TIP: Don't start naming stuff yet!

I find that developing names derails my creative progress. Don't start naming stuff yet. Save that for last, after you've used your brain cells for the hardest part of the one-shot: plotline!

Step 5: Add the Middle

This is where all the clues and encounters come into play. You'll need NPCs, monsters, maps, clues, secrets, and of course treasure!

Develop NPCs

Who's important for the story? Who will help the clue finding? For our example, we'll need a parent of two, the captain of the guard, and possibly the mayor.

Write down a few bullet points about what they know. Also, write down a brief one-line description of what they look like. This will help you, and your players, differentiate between NPCs. You may also want to jot down a few extra names, in case your players pull an unsuspecting citizen into the mix.


You have the big bad evil guy, but you'll need other smaller encounters to build up to the big guy. I'm going to add a few other monsters in the forest and possibly in the dungeon. We'll stick to the larvae theme.

Clues, Secrets, and Treasure

The children are being returned to the town by fey sprites. But why? Well, this town has a history of leaving out sweets and snacks near a statue in town. This is also where the children are found asleep. We'll need someone to recount the old wives' tale and tradition surrounding the statue.
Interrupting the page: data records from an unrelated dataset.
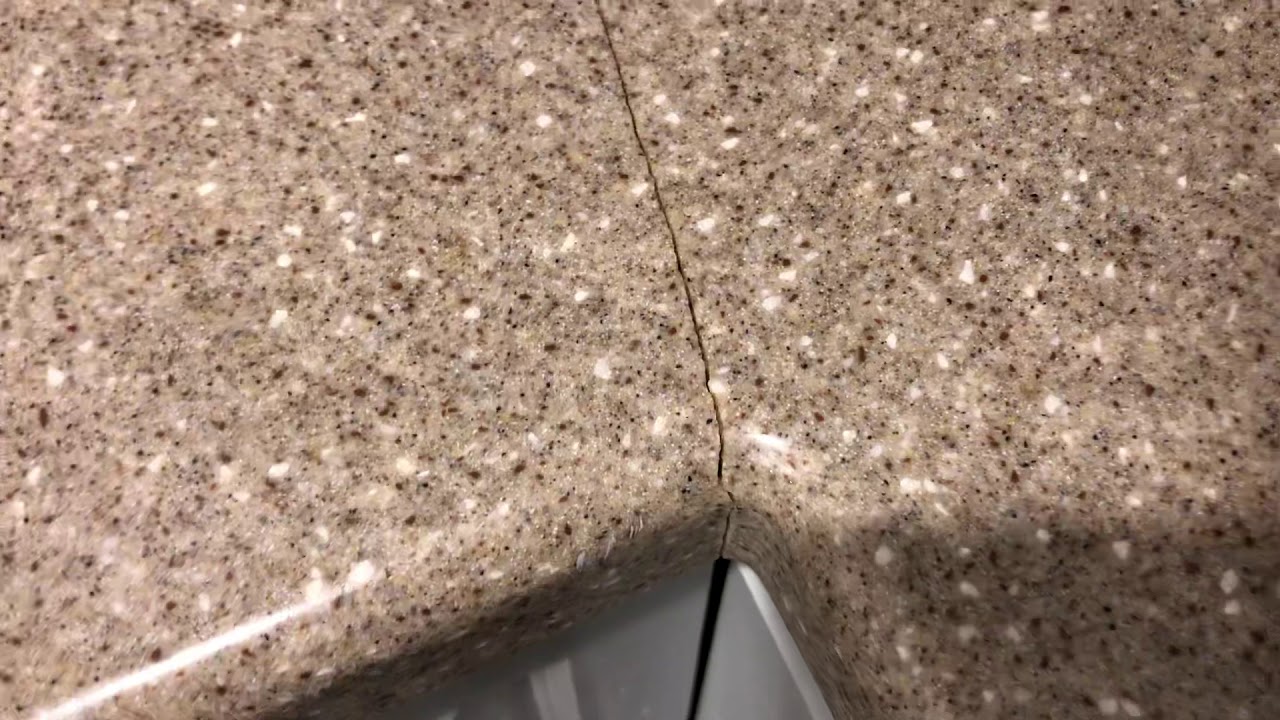 Cracked Countertop From Air Fryer Youtube
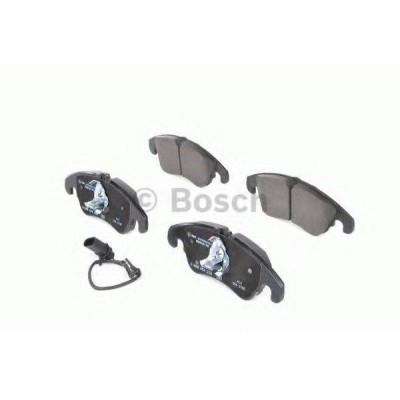 Комплект тормозных колодок, дисковый тормоз 0986494259 BOSCH - купить в магазине запчастей по Украине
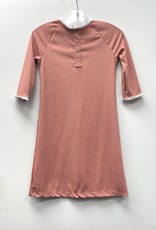 TRY Try Rib Faux Henley Cover Up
Develop 3-5 clues that will lead the players to the BBEG. Sprinkle these throughout the story. Think of several ways for your players to fall upon the same clue. This will help keep your players on track., and keep them from being too frustrated.

Dungeon Building

A quick way to create a dungeon is to find a premade map online and tailor it to your adventure. You'll want to add some of the clues you made above. You'll also want to consider adding an encounter and a puzzle or two here.

Step 6: Add the End

What happens when they kill all the baddies? Do they get cool loot? Free room and board in town? Wrap up the one-shot with a summary.

In our case, they get to see the children waking up and coming home. They'll get some coin from the mayor who posted the job as well. Don't worry about cool items or money much. Anything goes in one-shots, and rewards rarely carry over.

Bonus Tip: Cut Out All the Time Sucks

To keep your one shot to one session, you'll need to cut out some things that are more time-consuming. Here's a list of things you should cut out of your adventure to keep it short:

  • Shopping Montages - Instead of spending 30 minutes shopping, give your players items. A couple of healing potions are helpful. You might want to give them any other items you deem necessary for the adventure as well.
  • Player Introductions Save the time (and the awkwardness of strangers meeting in a bar). Have the party already know each other in advance. There are a few ways to do this. One of the easiest ways is to have each player write a paragraph about their character. Send these paragraphs out to all your players before sitting down at the table.